Seit ich den Alltag mit den Mönchen hier teile, fühle ich mich ständig übermüdet. Das liegt natürlich vor allem an dem frühen Aufstehen. Was sie in diesem Kloster „Matutin“ nennen, ist in Wahrheit eine Nachtandacht, keine Morgenandacht.
Die Folge: Alle schlurfen mit geröteten, von dunklen Ringen umschatteten Augen in die Kirche und lassen die Andacht mehr über sich ergehen, als dass sie sie zelebrieren. Bei Vaterunser und Glaubensbekenntnis gelingt es den meisten ja noch, sich an dem mutlosen Murmelchor zu beteiligen. Spätestens wenn Lobgesänge und Psalmen an der Reihe sind, verlässt jedoch den Großteil die Kraft. Das hört sich, aus dem Kirchenlatein übersetzt, dann so an:
„Antworte mir auf mein Rufen, barmherziger Gott!“ – Lautes Gähnen.
„In der Bedrängnis hast du mir Luft verschafft. Sei mir gnädig und erhöre mein Gebet!“ – Kehliges Knacken, erste Schnarchgeräusche.

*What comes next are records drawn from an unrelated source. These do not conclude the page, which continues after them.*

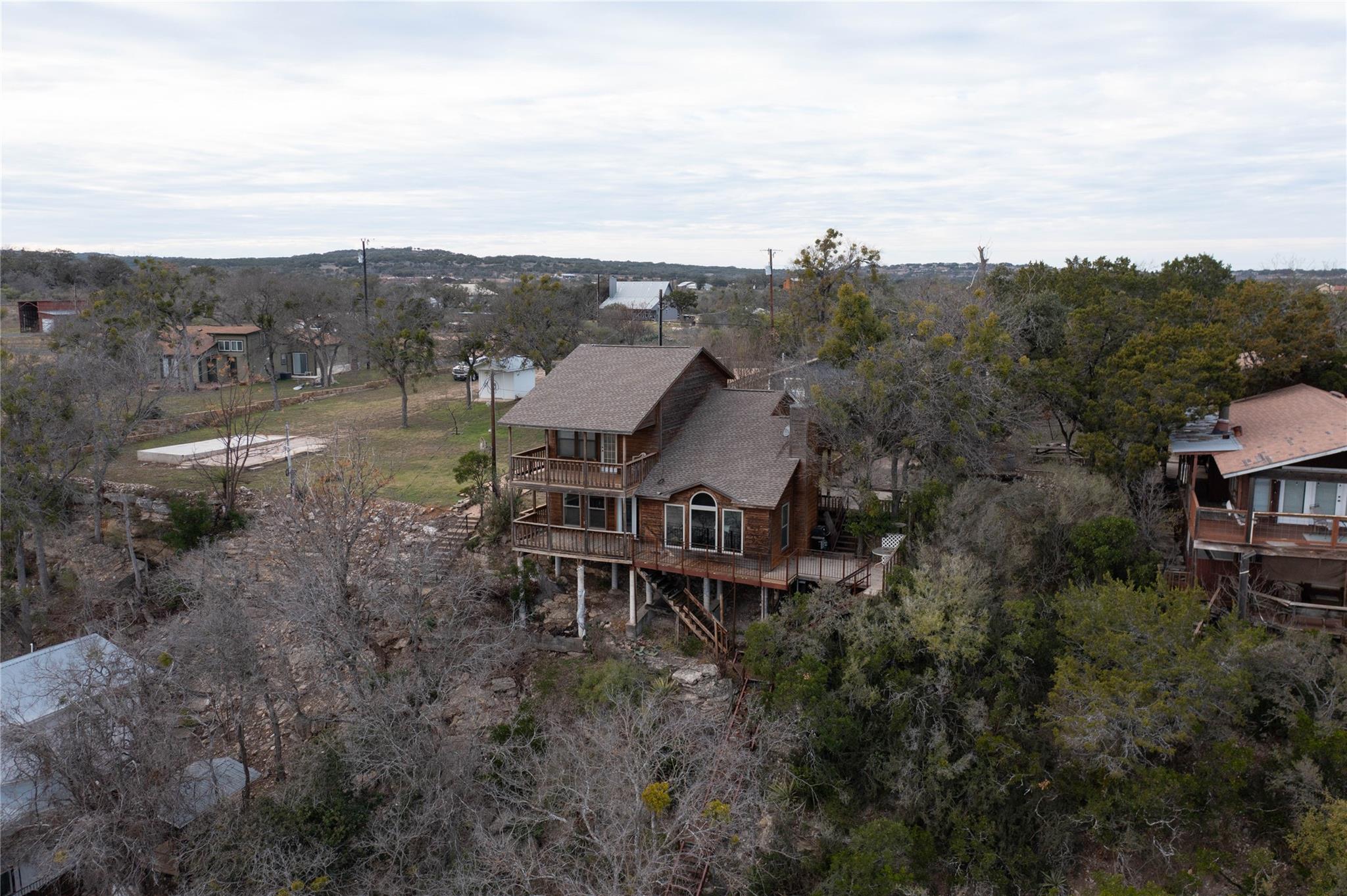 25409 Pedernales Point Dr, Spicewood, TX 78669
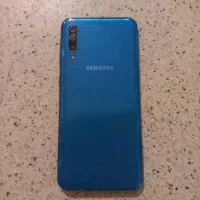 یک عدد گوشی موبایل A50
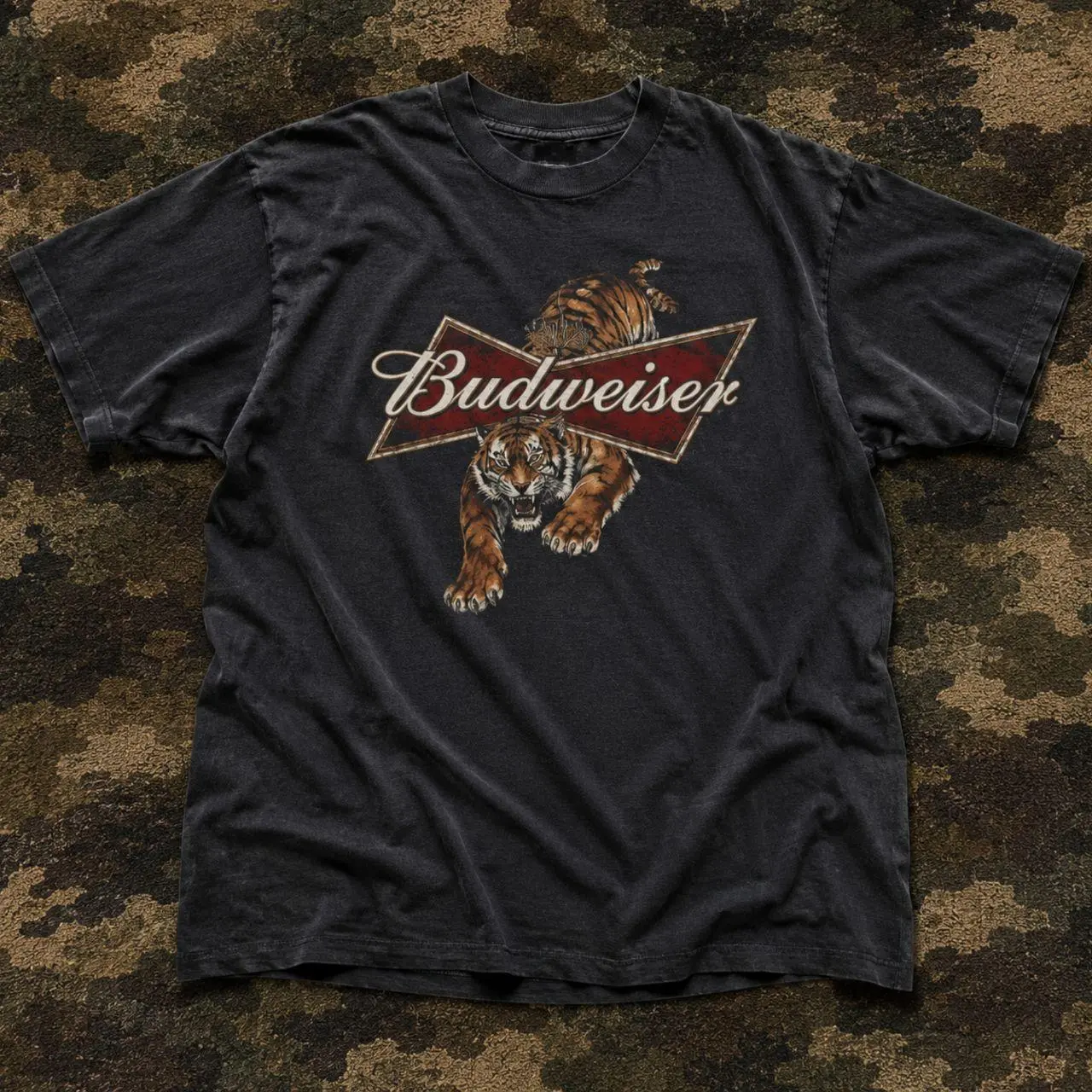 Budweiser tiger graphic T-shirt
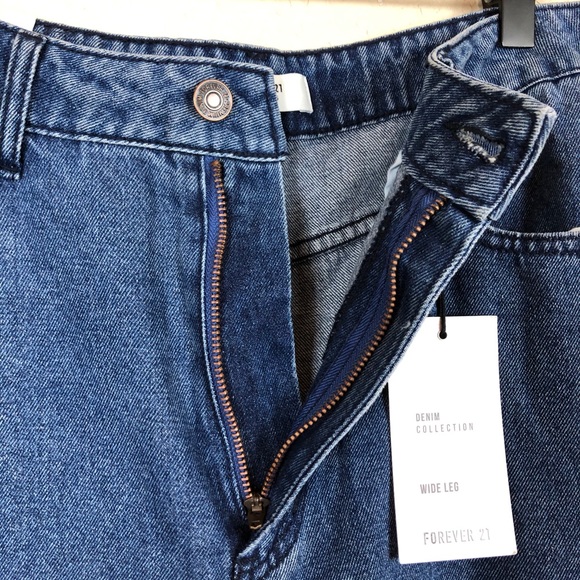 Forever 21 • Wide Leg Cargo Jeans - Picture 12 of 14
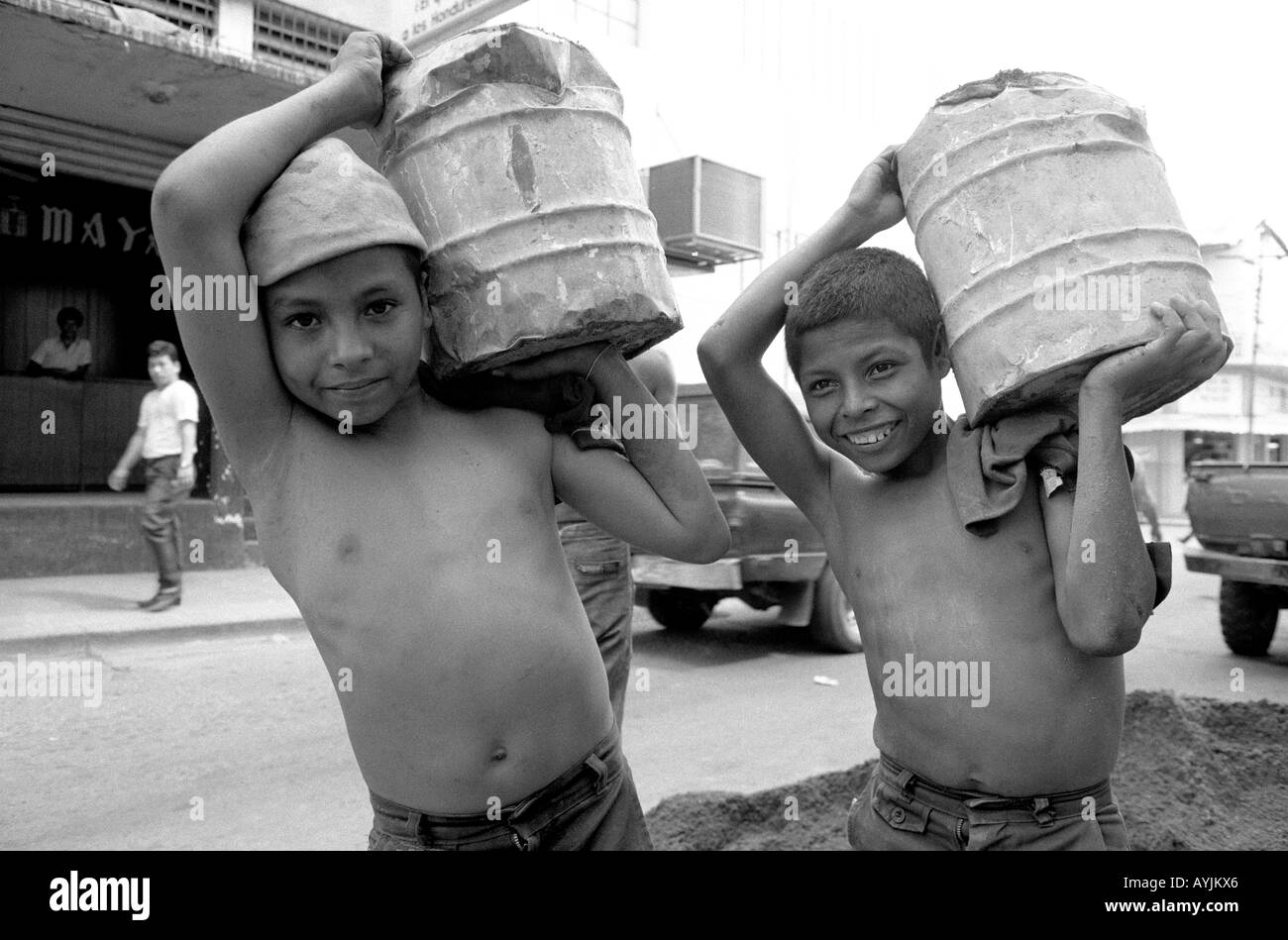 b/w de travail des enfants montrant deux jeunes garçons travaillant sur un chantier. San Pedro Sula, Honduras Banque D'Images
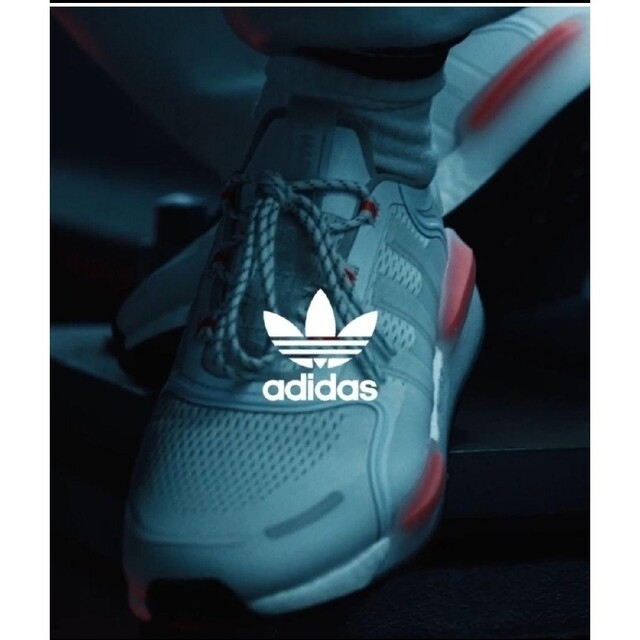 adidas(アディダス)の【新品】adidas_NMD_V3　トリプルブラック　28.0cmソックス２足付 メンズの靴/シューズ(スニーカー)の商品写真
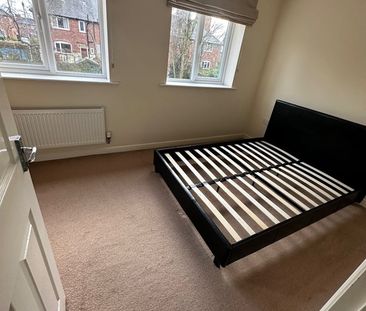 3 Bed Semi-Detached House, Frank Birchall Close, M40 - Photo 6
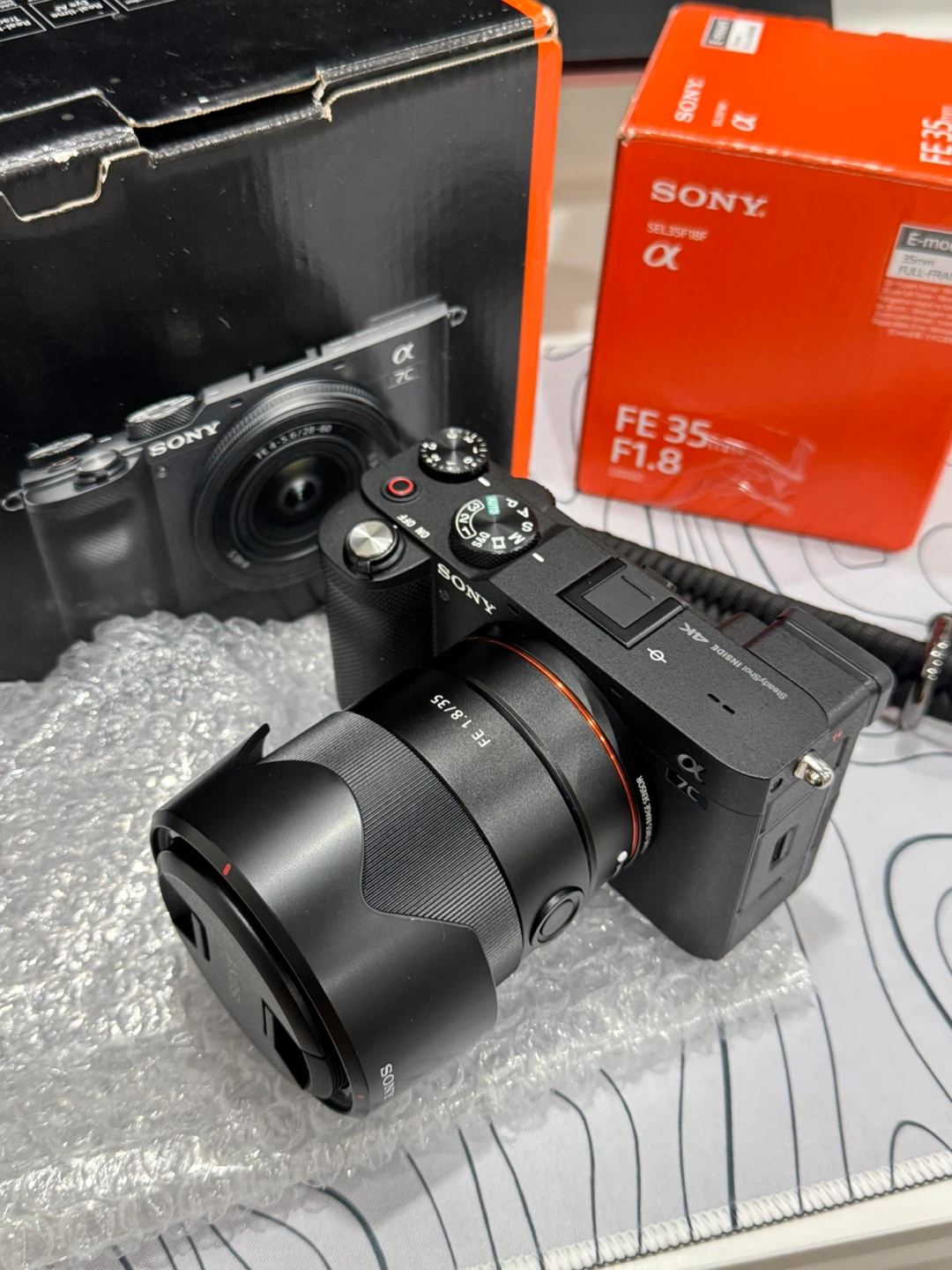 Sony A7C + FE 35mm f/1.8 Lens (Almost Brand New) - photo 4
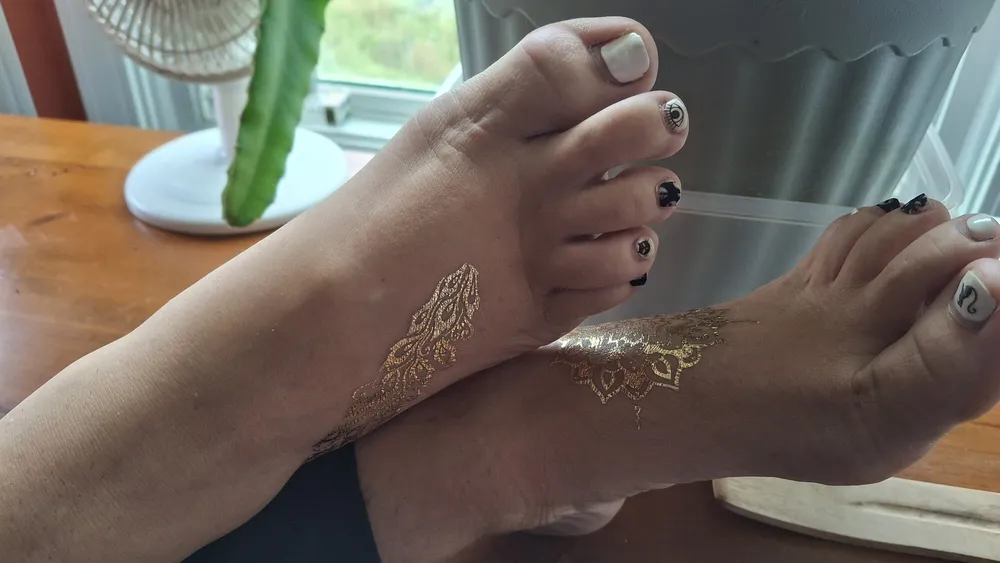 GF Showing off her feet #4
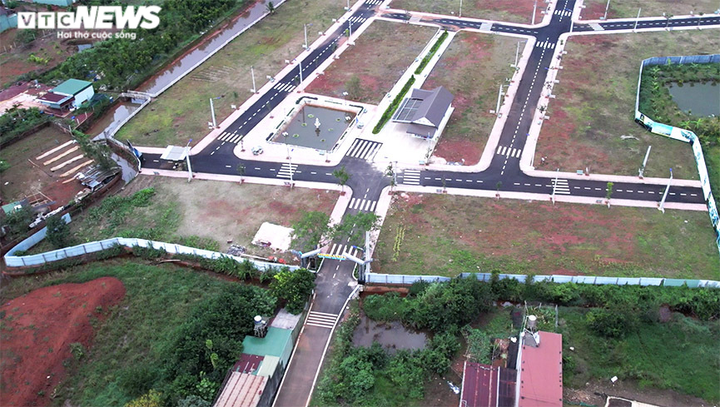 Màu xanh ngút ngàn Lâm Đồng thay bằng màu đỏ quạch đồi núi bị cạo trọc phân lô - 15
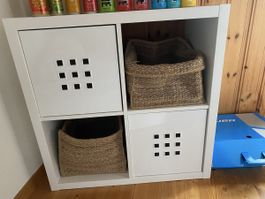 Weisses Regalsystem mit 2 Körben - Ordentlich & Saisonal!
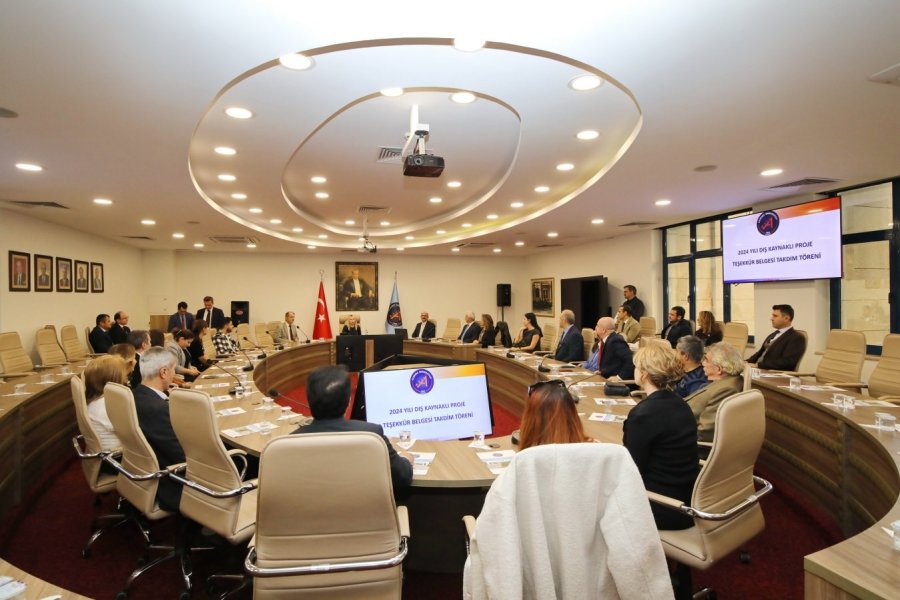 Akdeniz Üniversitesi’nde Dış Kaynaklı Proje Başarısı Ödüllendirildi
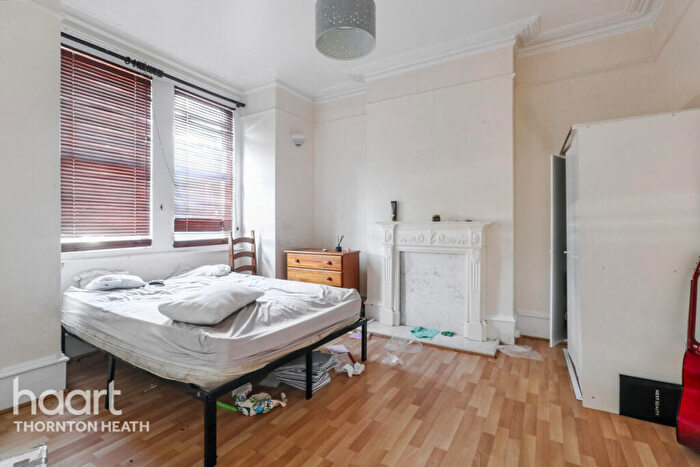 4 Bedroom Character Property For Sale In Buller Road, Thornton Heath, CR7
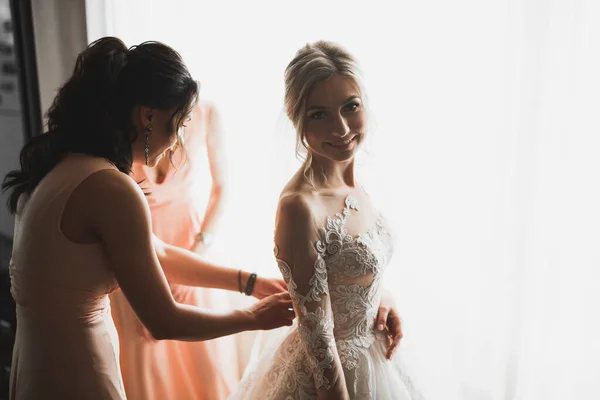 Hände von Brautjungfern am Brautkleid. Glückliche Ehe und Braut am Hochzeitstag — Stockfoto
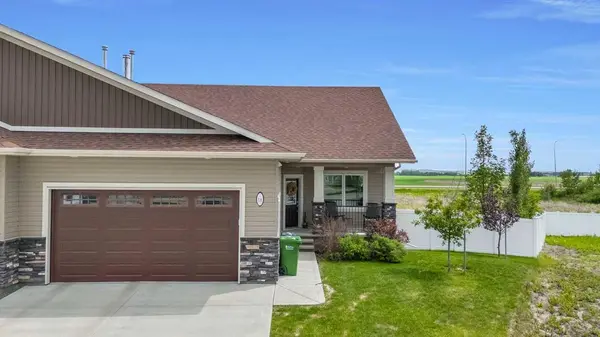 Red Deer, AB T4R0N5,18 Veer PL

„Wie habt ihr das Nichtige so lieb und die Lüge so gern! Wie lange noch soll mein Ansehen geschändet werden?“ – Köpfe sinken auf Nachbarschultern, vereinzeltes Räuspern.
„Selbstlos sollt ihr mir dienen, tapfer und ohne Sünde! Erwägt dies in eurem Herzen in stiller Einkehr! Denn wer mir treu ist, den werde ich erhören in seiner Not.“ – Vereinigung der Schnarcher zu einem Schnarch-Chor.
„Frieden füllt mein Herz, wenn ich mich auf mein Lager begebe. In deiner Hand ruhend, kann ich sorglos die Augen schließen.“ – Gleichmäßig weht der Atem der Schlafenden durch das Kirchenschiff.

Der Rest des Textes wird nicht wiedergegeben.